Portraits of firefighters who died in helicopter crash slowly emerge
'They were all great guys,' said the man who trained seven contract firefighters from Oregon who died when a Sikorsky went down in Shasta-Trinity National Forest.
MEDFORD, ORE. — It followed the common pattern. At first, details were few: nine fatalities in the crash of a helicopter ferrying firefighters in the Shasta-Trinity National Forest. Seven of the dead and three of the injured were contract firefighters, hired hands brought down from Oregon to bolster the lines in an onslaught of Northern California fires.
Later in the week names and ages were released, followed by face-shot photographs posted on a company website. By Friday, details about the dead had started to emerge, and it was at this point, as numbers and names were replaced by human narratives, that the true dimension of the tragedy became clear.
More than fire gypsies, these were promising young men, actively engaged in the business of building their lives. Their loss created holes, not only in their families, but also on college campuses and in communities up and down the Rogue Valley of southern Oregon.
"They were all great guys," said Ed Float, a 61-year-old former smoke jumper who is now a mainstay of Grayback Forestry, a pioneer firefighting contractor headquartered in Merlin, Ore.

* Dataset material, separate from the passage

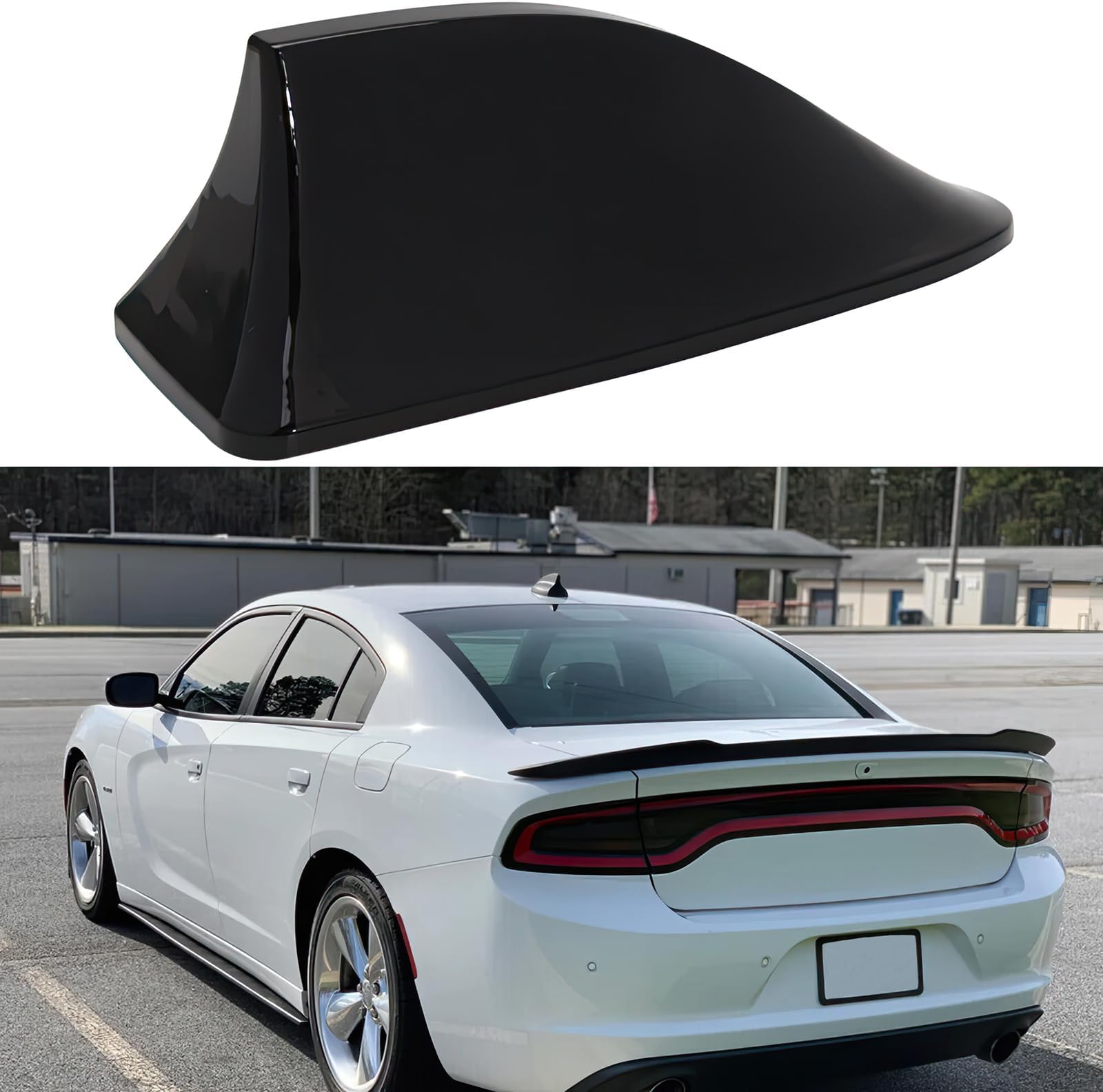 Shark Fin Antenna Cover for Car, Car AM/FM Radio Signal Roof Aerial Decoration, Vehicle Shark Fin Shape Cover with Adhesive Tape, Antenna Cover Replacement for SUV Truck Van Most Auto Cars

The lost firefighters all were Graybackers, as they are called, and Float had trained most of them.
Stooped shoulders and a faraway gaze testifying to the emotional toll the week had taken, Float stood outside the company's Medford base Friday and tried to make these men come alive for reporters who had gathered in the parking lot.
He spoke in particular of Matt Hammer, a strapping, 23-year-old graduate of a small Christian college who had married his college sweetheart only a month before the crash.
"Matt Hammer," he said, saying the name with reverence. "Matt Hammer was special. Matt called me, he was at a seminary school and said he wanted a job. Typically I want to meet someone before we hire them. I want to look at their hands, see if they can work.
"But as I talked to Matt, I made him an offer right there. There was just something about him. One of his callings was an evangelist minister. I always had him do a morning prayer before we went on to a fire. He wasn't maybe the greatest preacher, but everything he said came from the heart."
Float said Hammer would have been his first choice to deliver a eulogy for the lost crew members. And then he shook his head and said no more.